Konzertkritik und Ausblick

Am 23. Oktober 2018 war es soweit. Mein dritter Konzertabend mit Diknu Schneeberger und der zweite mit seinem Trio. Der österreichische Gitarrist Diknu Schneeberger bildet zusammen mit seinem Vater Joschi Schneeberger und seinem ehemaligen Gitarrenlehrer Martin Spitzer das Diknu Schneeberger Trio. Und obwohl ich vermeintlich glaubte zu wissen, was mich erwartet, nämlich ein schöner intensiver musikalischer Abend, war ich dann doch einigermaßen von den Socken ob dieses Konzerts.

Und damit sind wir beim zweiten Thema dieses Blogbeitrags: Das Weihnachtskonzert unter dem Titel Feuerlicht am Samstag den 15. Dezember 2018 wie immer um 19:30 Uhr im Ehrbar Saal.

Weihnachtskonzert am 15. Dezember 2018

„Diknu Schneeberger zeigt sich auf seinem neuen Album als ein Musiker, der gereift ist, aber nichts von seinem jugendlichen Elan verloren hat. „Feuerlicht“ offenbart sich als ein echtes Gypsy Jazz-Juwel, das in den buntesten Farben leuchtet und reine Lebensfreude vermittelt.“ Das ist der Homepage von Diknu Schneeberger zu entnehmen und dem ist nur noch hinzuzufügen, dass das Live-Erlebnis kein CD ersetzen kann. Vor allem dann, wenn die Musiker auch entsprechende Live-Musiker sind. Das ist beim Diknu Schneeberger Trio auf jeden Fall so. Aber machen Sie sich selbst ein Bild. Hier ein kleiner Ausschnitt vom Konzert am 23. Oktober 2018.

 

Die perfekte Kombi – Saalakustik und Gypsy Jazz

Nun also eine Rückblick auf das Konzert vom 23. Oktober 2018 unter dem Motto „The Spirit of Django“. Da war zuerst einmal der phantastische Sound. Das Trio und der Ehrbar Saal sind offenbar ein perfekte Kombination. Die exzellente Akustik des zeitältesten bespielten Konzertsaals in Wien gab der Musik ein Tiefe und Klarheit, die mich jedenfalls schwer erstaunte. Ein Sound wie aus meinen Highend-Mastering-Monitoren kombiniert mit einer räumlichen Tiefe, die eben nur ein Konzertsaal bieten kann. Der Klang war einfach ein Genuss. Und weil live gespielt um diese Magie reicher, die sich niemals auf CD bannen lässt.

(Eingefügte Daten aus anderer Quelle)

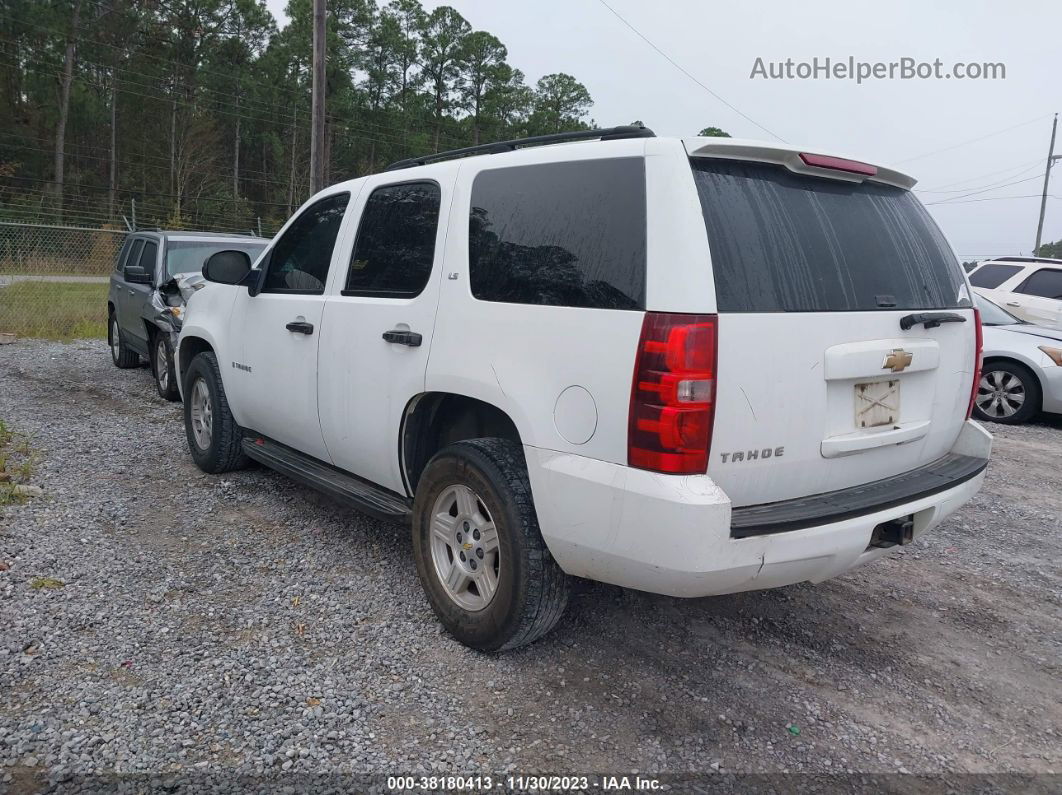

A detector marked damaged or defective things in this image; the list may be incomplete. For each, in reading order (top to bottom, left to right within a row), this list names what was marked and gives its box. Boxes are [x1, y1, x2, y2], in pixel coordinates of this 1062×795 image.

damaged suv [106, 232, 265, 399]
damaged suv [176, 127, 994, 649] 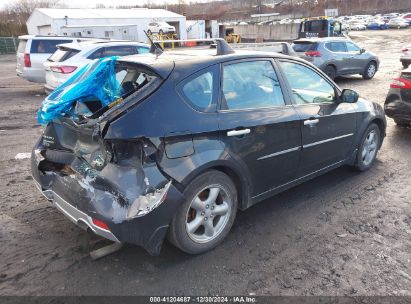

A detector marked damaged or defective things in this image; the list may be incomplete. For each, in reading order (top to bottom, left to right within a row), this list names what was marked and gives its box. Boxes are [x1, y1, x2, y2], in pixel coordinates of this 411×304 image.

shattered plastic debris [37, 56, 122, 124]
front bumper damage [32, 138, 185, 256]
damaged black car [31, 39, 386, 255] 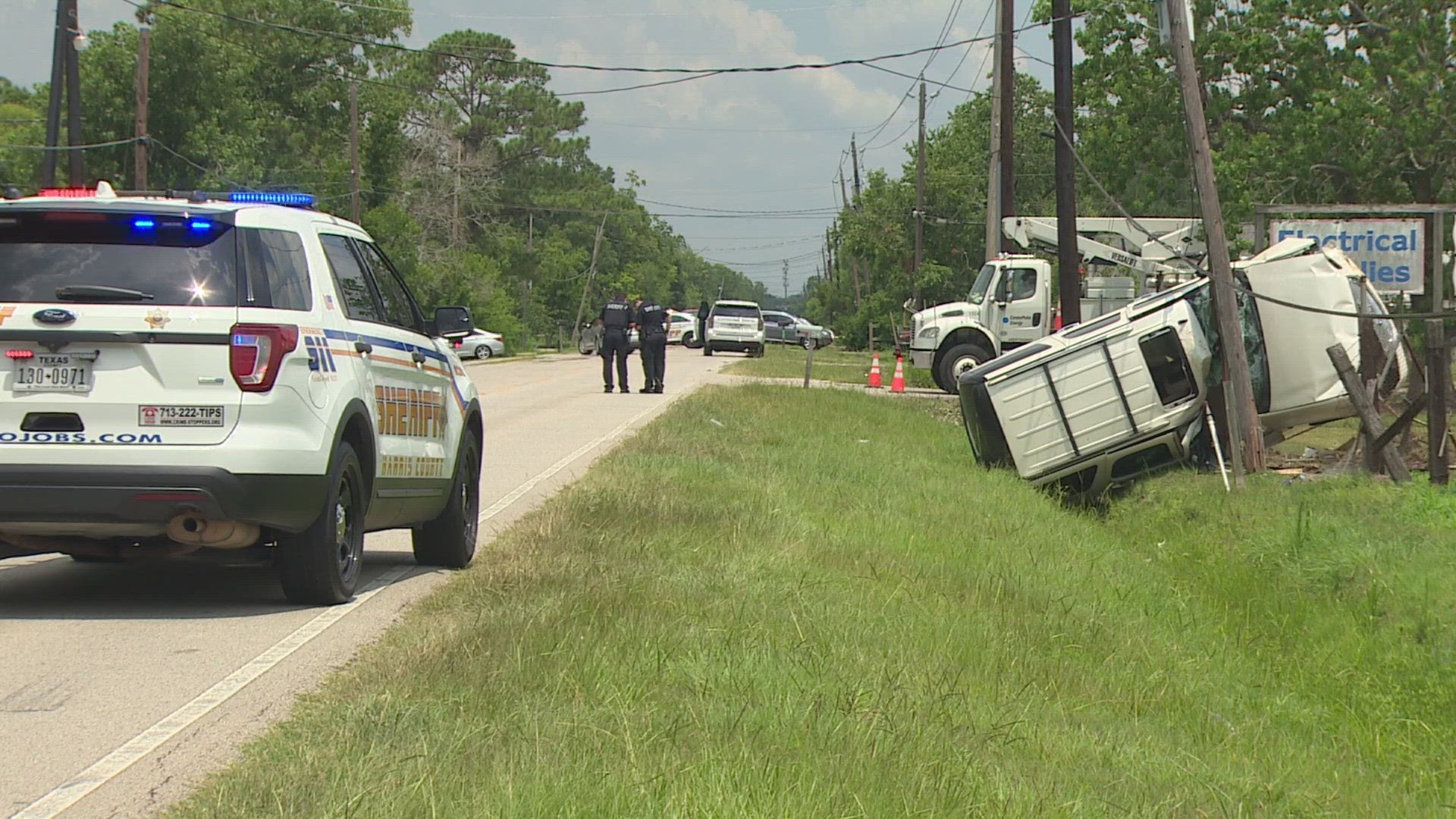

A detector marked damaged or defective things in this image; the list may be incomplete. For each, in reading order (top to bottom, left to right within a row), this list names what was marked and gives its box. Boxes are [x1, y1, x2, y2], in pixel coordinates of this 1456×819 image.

shattered windshield [966, 265, 1001, 303]
overturned white pickup truck [961, 236, 1403, 489] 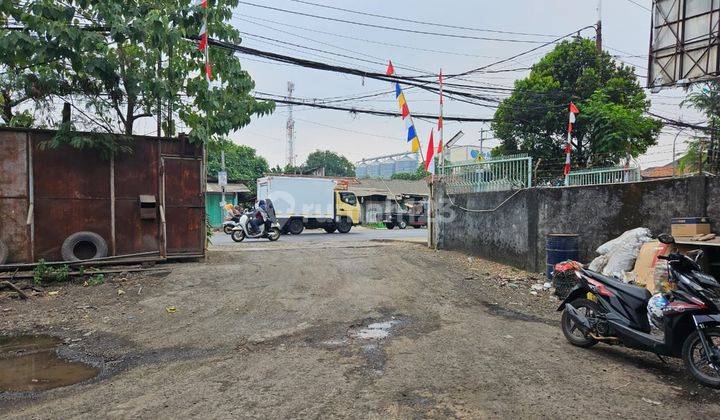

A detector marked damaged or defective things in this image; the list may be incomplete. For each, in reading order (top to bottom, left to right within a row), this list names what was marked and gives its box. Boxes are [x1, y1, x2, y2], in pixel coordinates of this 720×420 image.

rust stain on gate [0, 128, 205, 264] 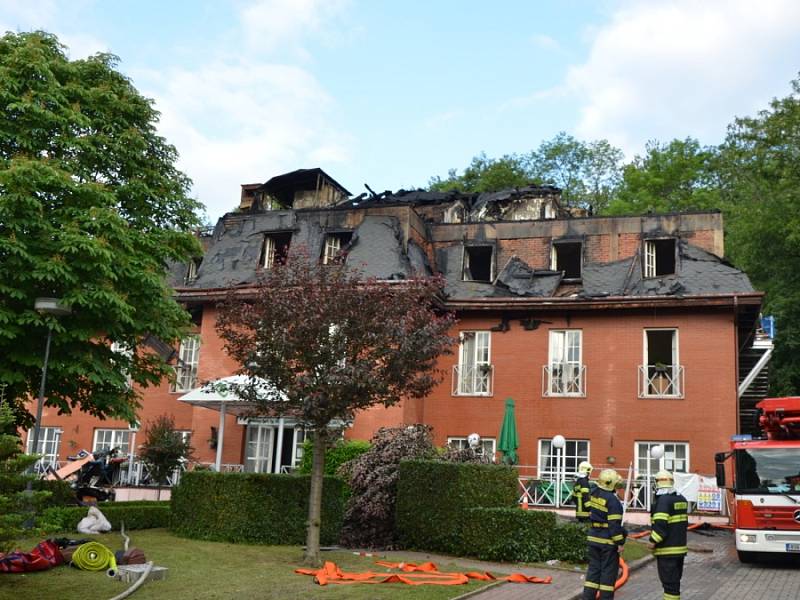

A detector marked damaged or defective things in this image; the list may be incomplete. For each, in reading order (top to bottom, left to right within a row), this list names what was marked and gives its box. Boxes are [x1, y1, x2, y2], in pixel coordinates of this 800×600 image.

broken window [260, 231, 290, 268]
broken window [322, 232, 354, 264]
broken window [462, 244, 494, 282]
broken window [552, 243, 580, 280]
broken window [644, 238, 676, 278]
fire-damaged building [28, 168, 764, 488]
broken window [640, 328, 684, 398] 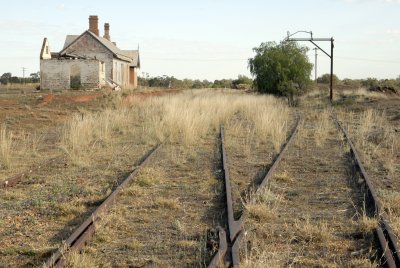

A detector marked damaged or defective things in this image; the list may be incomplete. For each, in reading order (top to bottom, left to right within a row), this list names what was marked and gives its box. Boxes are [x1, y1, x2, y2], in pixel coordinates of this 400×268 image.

rusty railway track [45, 144, 161, 268] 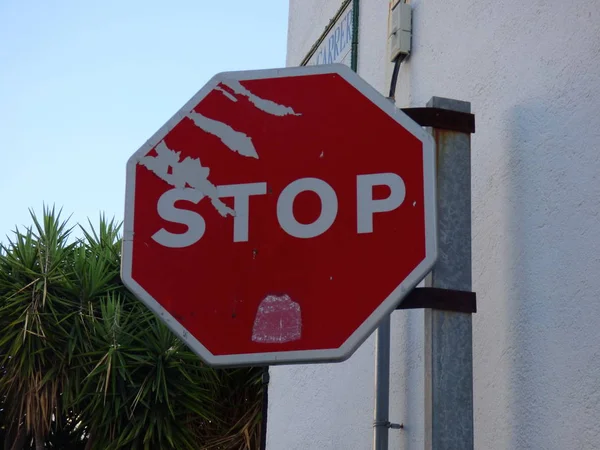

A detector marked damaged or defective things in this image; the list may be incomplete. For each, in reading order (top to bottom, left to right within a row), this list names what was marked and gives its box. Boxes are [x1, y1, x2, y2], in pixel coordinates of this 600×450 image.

peeling paint patch [188, 111, 258, 159]
peeling paint patch [223, 80, 302, 117]
rusty bracket strap [400, 107, 476, 134]
peeling paint patch [140, 142, 234, 217]
peeling paint patch [251, 294, 302, 342]
rusty bracket strap [396, 288, 476, 312] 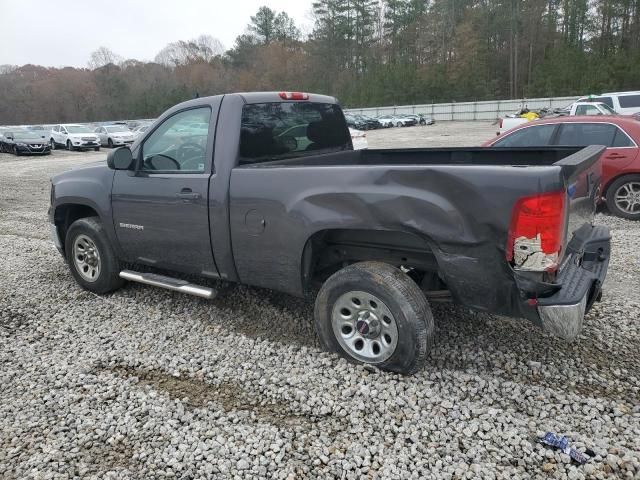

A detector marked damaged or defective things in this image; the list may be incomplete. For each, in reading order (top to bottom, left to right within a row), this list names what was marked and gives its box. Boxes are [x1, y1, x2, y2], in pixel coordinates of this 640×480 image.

damaged rear quarter panel [230, 162, 564, 318]
broken taillight lens [504, 190, 564, 266] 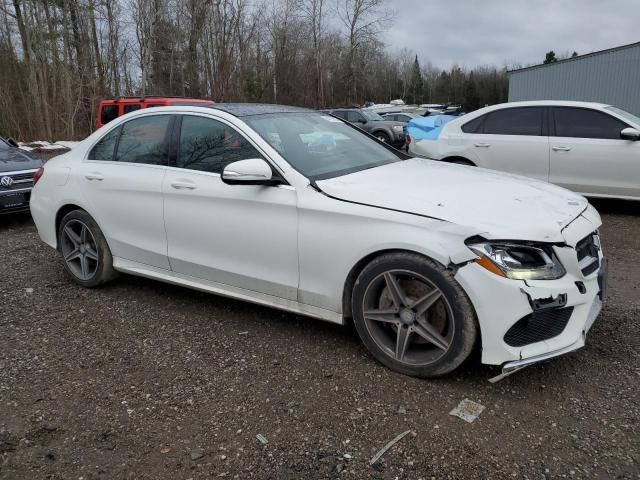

Spirit of the Diknu Schneeberg Trio

The Spirit of Django – das war der Titel des Abends und das waren die Erwartungen. Aber Diknu Schneeberger und seine beiden musikalischen Begleiter sind längst aus dem Schatten des großen Django Reinhart getreten und haben ihren eigenen Stil entwickelt. Das Thema technische Perfektion spielt nur am Rande eine Rolle, denn die Darbietung war von einer für mich überraschenden Souveränität gezeichnet, die ich nicht erwartet habe. Vor vier Jahren habe ich das Trio zum letzten Mal gesehen und in dieser Zeit ist offenbar viel passiert. Dass die drei Herren Weltklasse sind haben sie damals schon angedeutet, jetzt sind sie dort eben angekommen. In der heutigen Zeit, die ja so gerne leistungsbezogen ist, gehört die „außerordentliche Anstrengung“ zum Ausdruck des Musiker-Daseins und bei vielen Musiker*innen wird das auch entsprechend zelebriert. Beim Trio und insbesondere bei Diknu Schneeberger war davon nichts zu spüren. Die Leichtigkeit war das Mittel der Wahl mit er vorgetragen hat. Das zeigt von dem übermäßigen Talent, das in diesem jungen Mann steckt.

Apropos Talent: Kompositionen von Danjo Reinhardt spielte eine eher untergeordnete Rolle, denn viele der aufgeführten Stücke stammen aus der Feder der drei Herren und brauchen in vielerlei Hinsicht den Vergleich mit Maestro Reinhardt nicht zu scheuen. Der nächste Punkt, an dem ich positiv überrascht wurde. Kommen Sie und staunen Sie am …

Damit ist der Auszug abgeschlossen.